Samstag, 18. Mai 2013

Buchreview "Fakebook"

Alexander Broicher. Stellen Sie sich vor, Sie könnten jemand anderes sein. Jemand, der alles bekommt und alles erreicht, was er sich erträumt. So wie Frieder Kurtsmeier. Er ist ein Nichts, ein Niemand. bis er sich bei Facebook eine neue Identität verschafft, die ihm auch im echten Leben alle türen öffnet. Als Rocco beginnt er ein Doppelleben und nimmt Rache an all jenen, die ihn einst demütigten. Bis er zu weit geht....

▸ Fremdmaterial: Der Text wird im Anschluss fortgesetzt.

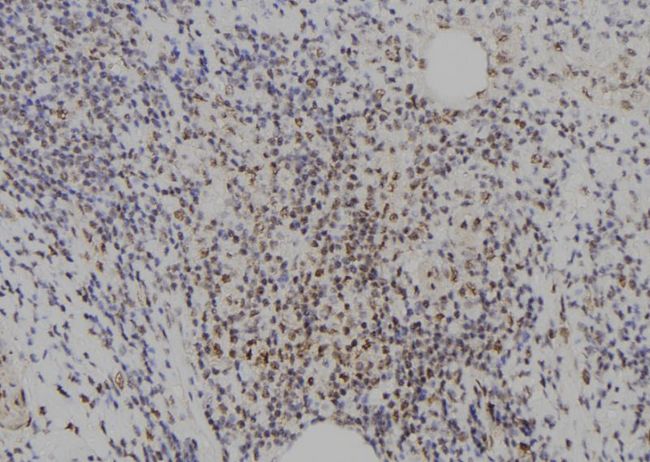 E2F8 Antibody - 1:100 staining human spleen tissue by IHC-P. The sample was formaldehyde fixed and a heat mediated antigen retrieval step in citrate buffer was performed. The sample was then blocked and incubated with the antibody for 1.5 hours at 22°C. An HRP conjugated goat anti-rabbit antibody was used as the secondary.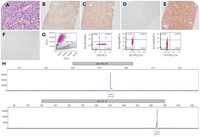 A case of Richter transformation to diffuse large B-cell lymphoma with aberrant T-cell marker expression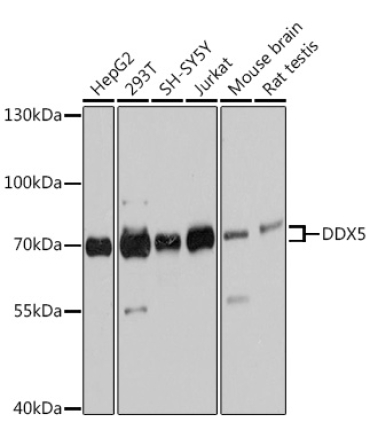 DDX5 Rabbit Polyclonal Antibody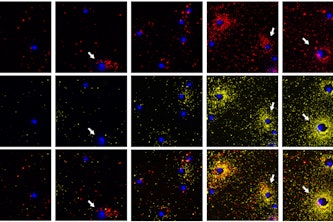 FluoroDOT assay images of dendritic cells secreting protein 1 (TNFa, shown in red) and protein 2 (IL-6, shown in yellow) at different time points (from left to right: Unstimulated, stimulated for 30 mins, 1 hour, 2 hours and 3 hours). The nuclei of the cell are shown in blue. The white arrows highlight the cells which are either secreting only one protein or different amounts of the two proteins and different time points. (Singamaneni lab)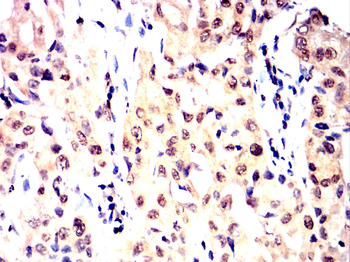 TOP1 Antibody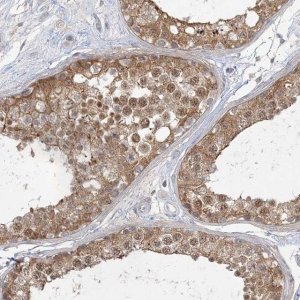 Anti-ANKS1A antibody produced in rabbit 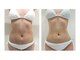 ミーシェ(Meshie)の写真/北陸初導入！寝るだけ30分２万回の筋トレで我慢なし運動なしでサイズダウン◎骨盤底筋も鍛えてくびれ美人♪
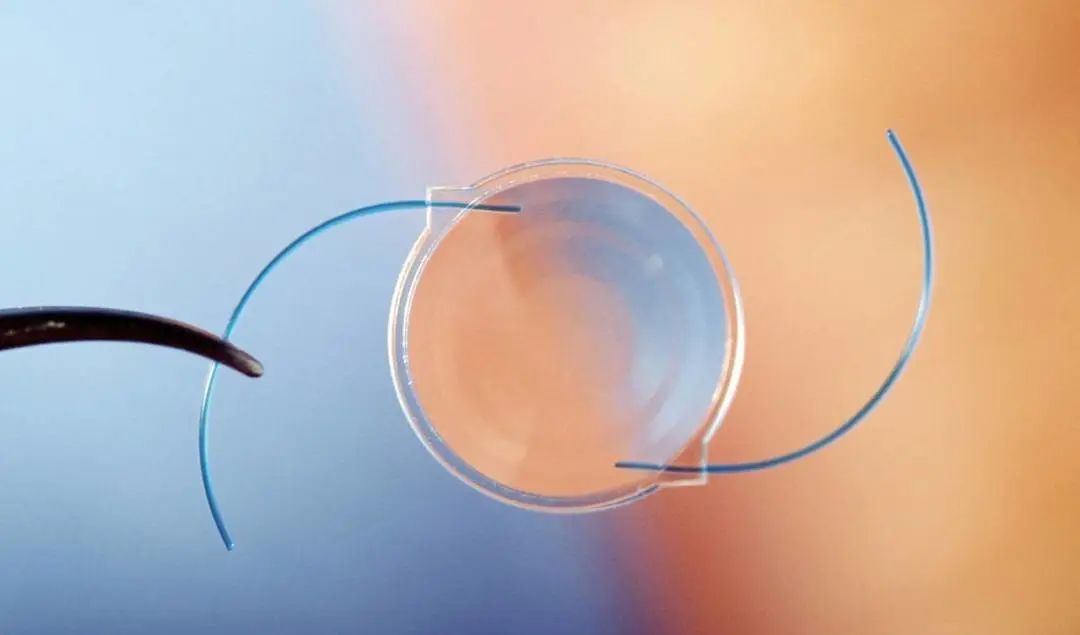 白内障久拖不治成弱视,白内障一直不做手术有什么后果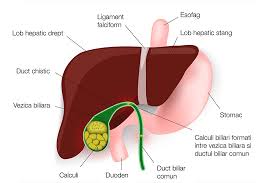 Este produsa de mobilizarea calculilor in caile biliare. Litiaza Biliara Reginamaria Ro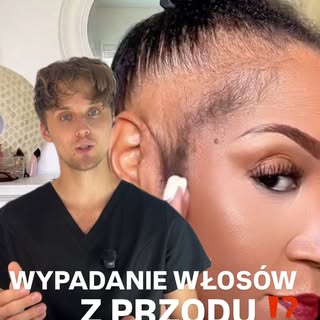 Zauważyłaś, że włosy wypadają szczególnie z przodu? 😟
To bardzo częsty problem — często przez zbyt 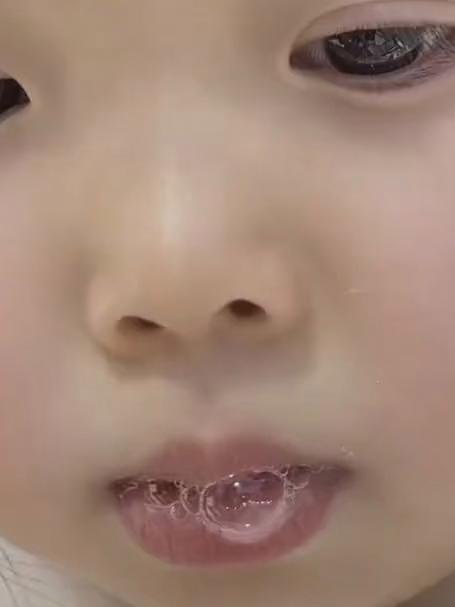 当小孩姐第一次戴上牙套,好像小金鱼吐泡泡啊!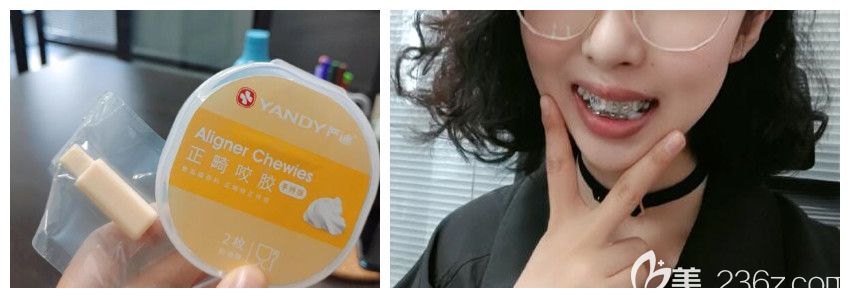 戴鋼絲牙套矯正齙牙第5天 戴鋼絲牙套矯正齙牙第5天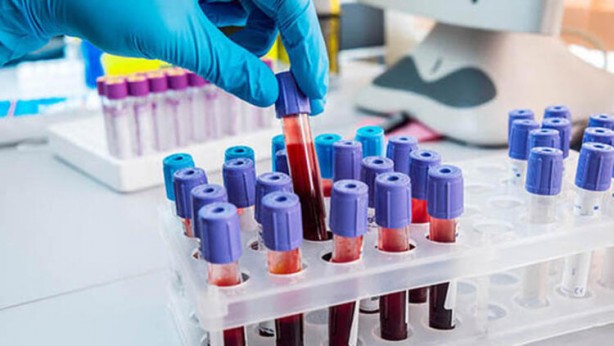 Foto - Yiyeceklerdeki büyük tehlike! Kanser yapıyor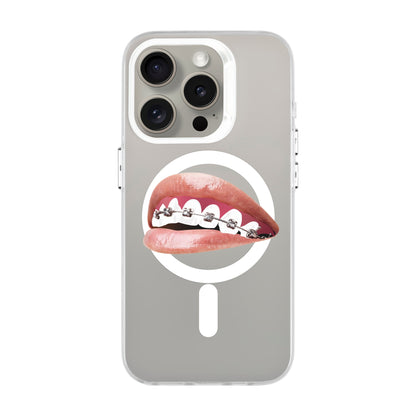 ORTHODONTIST-iPhone 15 Pro Hold Kılıf MagSafe Özellikli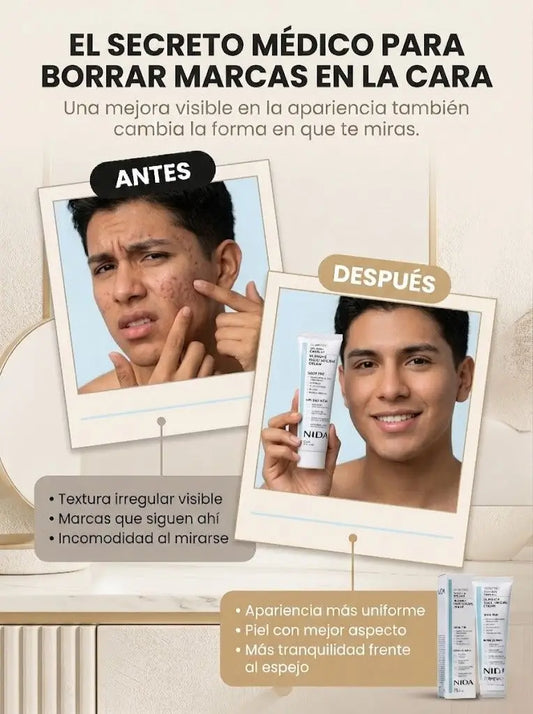 Crema-NIDA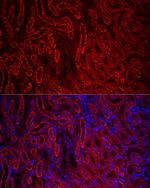 ACSL1 Antibody in Immunohistochemistry (Paraffin) (IHC (P))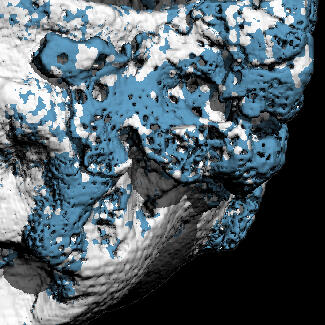 An image of bone analysis result.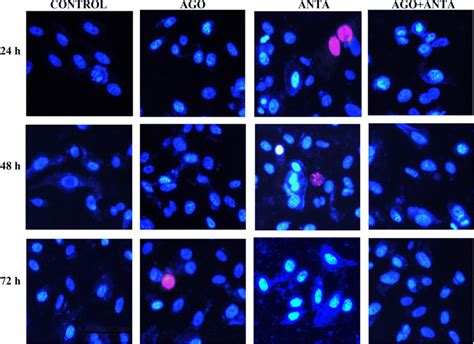 Fluorescence microscopy findings after Hoechst 33342 staining in PC-3... | Download Scientific ...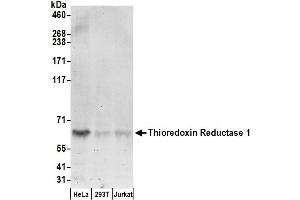 Western Blotting (WB) image for anti-Thioredoxin Reductase 1 (TXNRD1) (AA 125-175) antibody (ABIN7450817)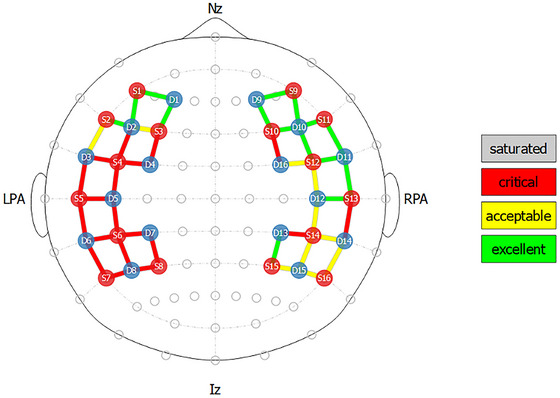 FIGURE 4
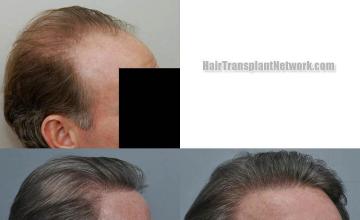 Hair transplantation surgery before and after pictures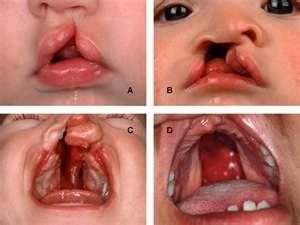 Ectodermal Dysplasia, and cleft lip/palate)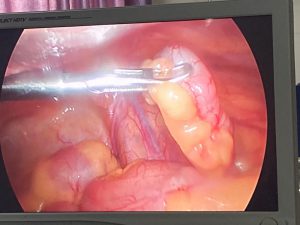 Laparoscopic hernia surgeon in Udgir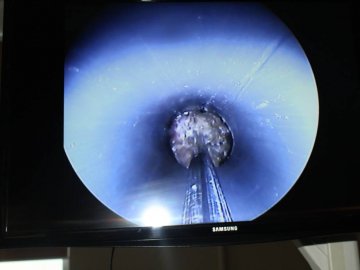 Ковельські лікарі видалили пацієнту камені з нирок через невеликий розріз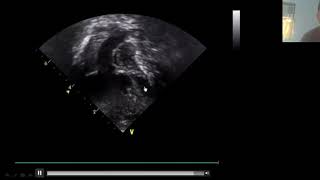 Approach to Cyanotic Heart Disease 20190627 0247 1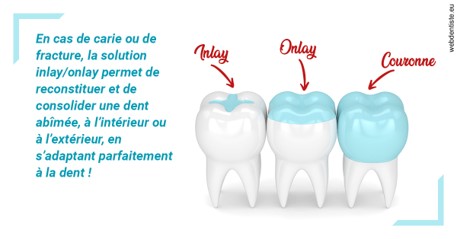 https://dr-ahr-catherine.chirurgiens-dentistes.fr/L'INLAY ou l'ONLAY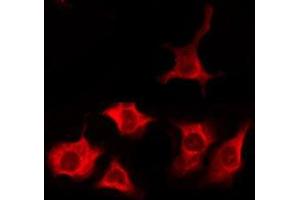 ABIN6276226 staining MCF7 by IF/ICC. (TAS2R1 antibody  (N-Term))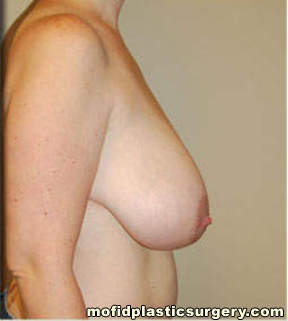Breast Reduction Case 4450 Before Photo Breast Reduction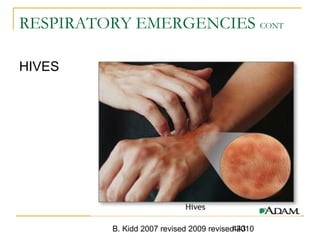B. Kidd 2007 revised 2009 revised 2010443
RESPIRATORY EMERGENCIES CONT
HIVES
 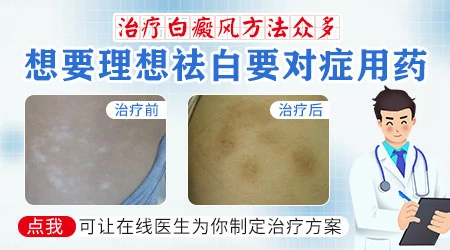 河北治疗白癜风的方法都有哪些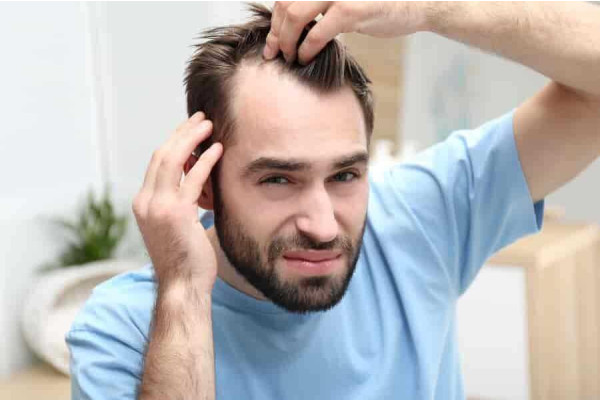 What Are the Different Hair Transplant Techniques?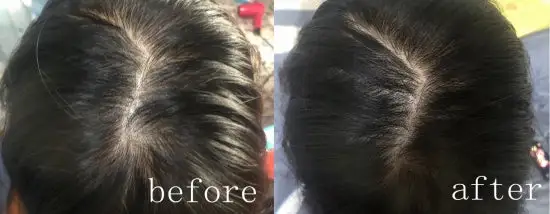 Hair Restoration Spray - Image 8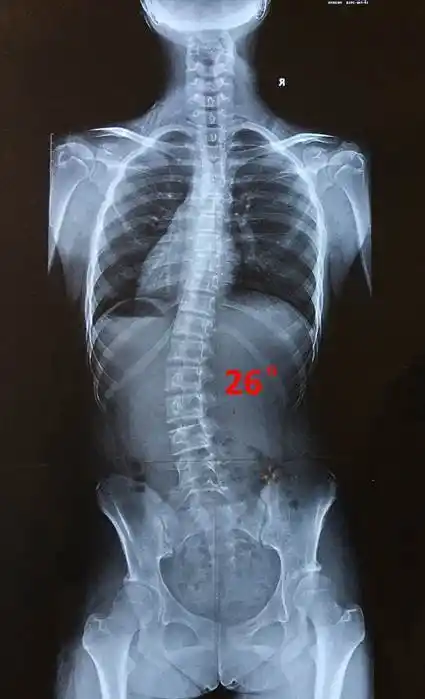 庄乾宇医生讲脊柱侧凸系列之三孩子得了脊柱侧凸该怎么办要手术吗什么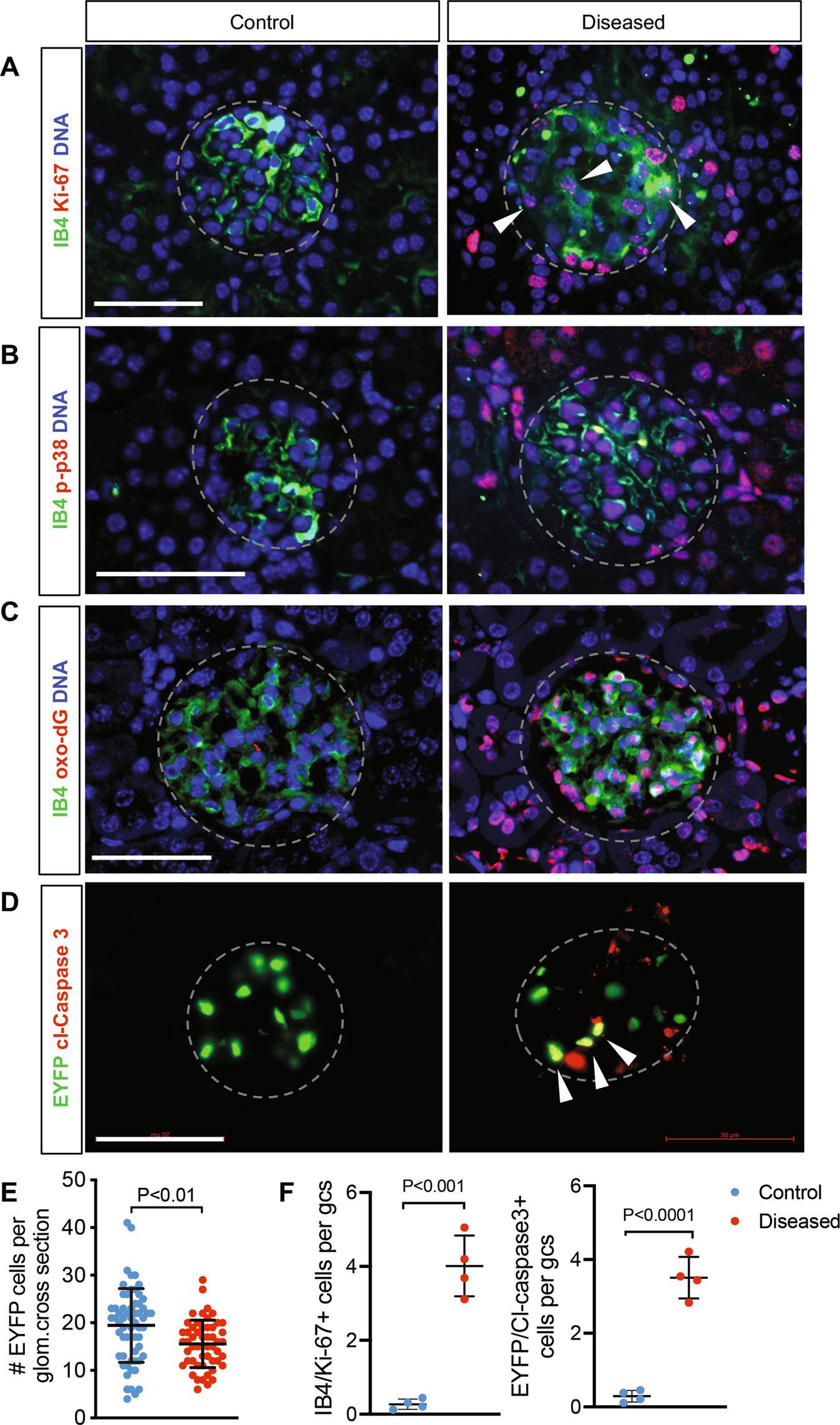 Fig. 6: Podocyte loss results in net GEC loss.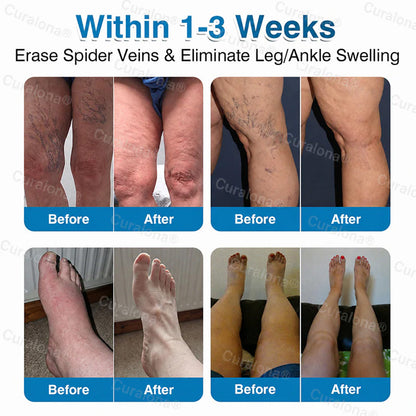🇬🇧🏆✅️🏃 Curalona® VeinRepair Microneedle Patch Roll ⚡ Instant Relief, Long-Term Results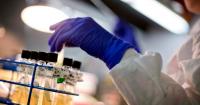 Stanford scientists just used AI to build a virus to target E. coli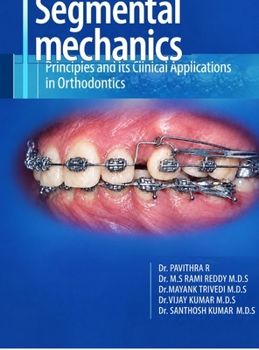 Segmental mechanics: principles and its clinical applications in orthodontics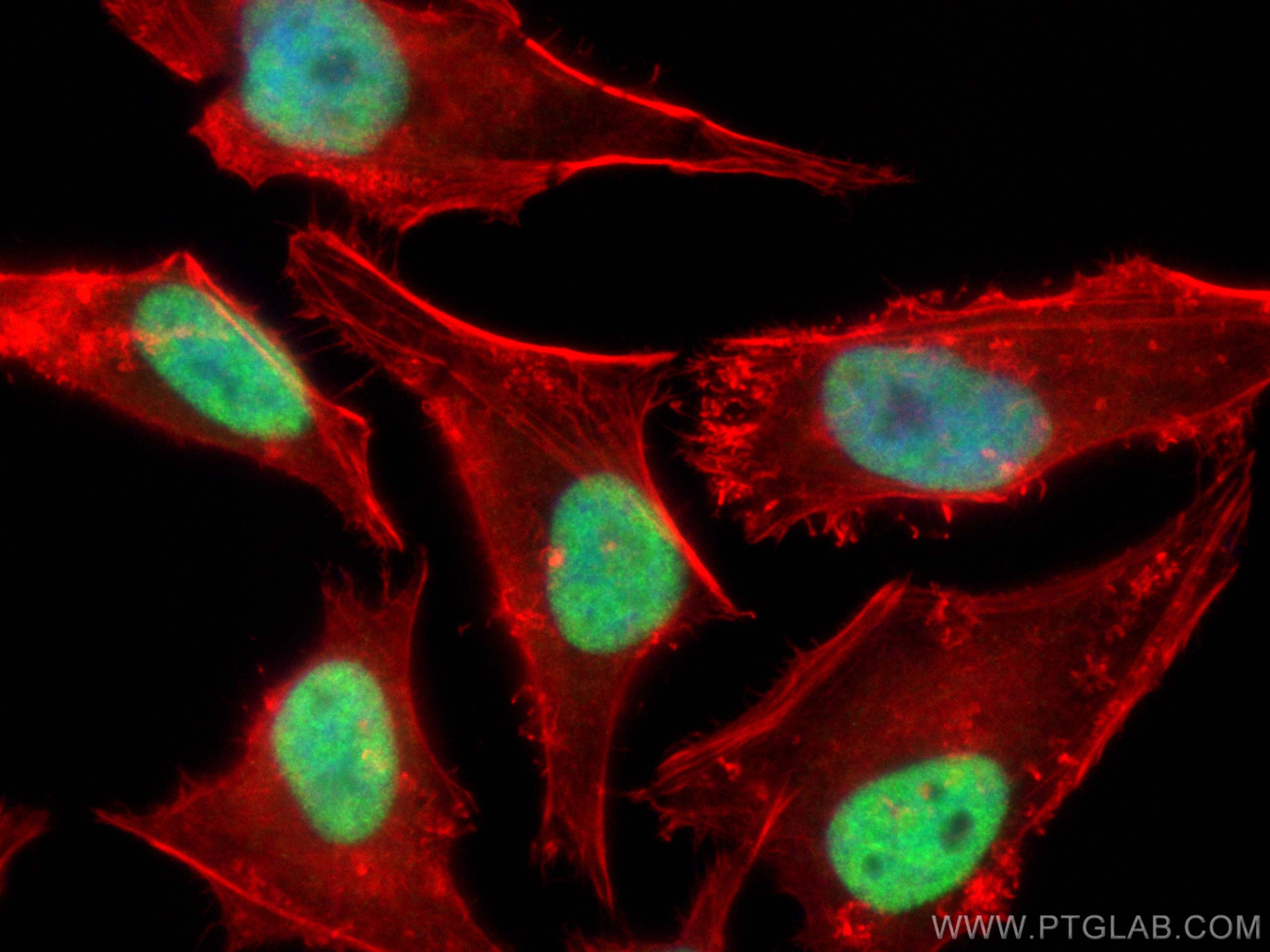 IF Staining of HeLa using 10502-1-AP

Frieder Kurtsmeier ist tatsächlich eine Übernull. Von allen verachtet, links liegen gelassen, von der Freundin verlassen und im Job auf der Stelle tretend und ausgenutzt. Er kommt als die personifizierte soziale Inkompetenz daher und fragt sich, was die Leute an ihrem Treiben so finden und er will denselben Spaß und die gleichen Freunde und Freuden haben. Selbst auf dem angesagten Facebook wird er nicht beachtet. Da kommt ihm eines Tages die gelegneheit in Gestalt eines Fremden ins Haus, der ihn für einen gewissen Rocco hält, der ihm anscheinend seinen Hut verpfändet hat. Er löst den Deckel günstig aus und macht einen auf cool. Auf Facebook folgen sie ihm plötzlich wie eine Hammelherde um jede nichtnutzige Nachricht mit dem erhobenen Daumen zu bewerten, er findet massig neue Kumpels im netz. Er zieht seine Show ab und erfindet sich auch außerhalb des Netzwerkes neu und immer öfter hat er Erfolg. Und dann erscheint ihm auch noch die Figur des Rocco, mit der er redet und die ihm Dinge einflüstert, mit denen er sich an seinen Peinigern rächen kann, mit denen er auf der Erfolgsspur an ihnen vorüberziehen kann. Anfangs macht es ihm auch ordentlich Spaß, aber hin und wieder zieht er die Vorgehensweise des imaginären Kumpels, der ebenso echt ist, wie seine Facebook-Compadres, in Zweifel. Doch er macht weiter munter mit. bis er eine Grenze erreicht, von der es vielleicht kein zurück mehr gibt.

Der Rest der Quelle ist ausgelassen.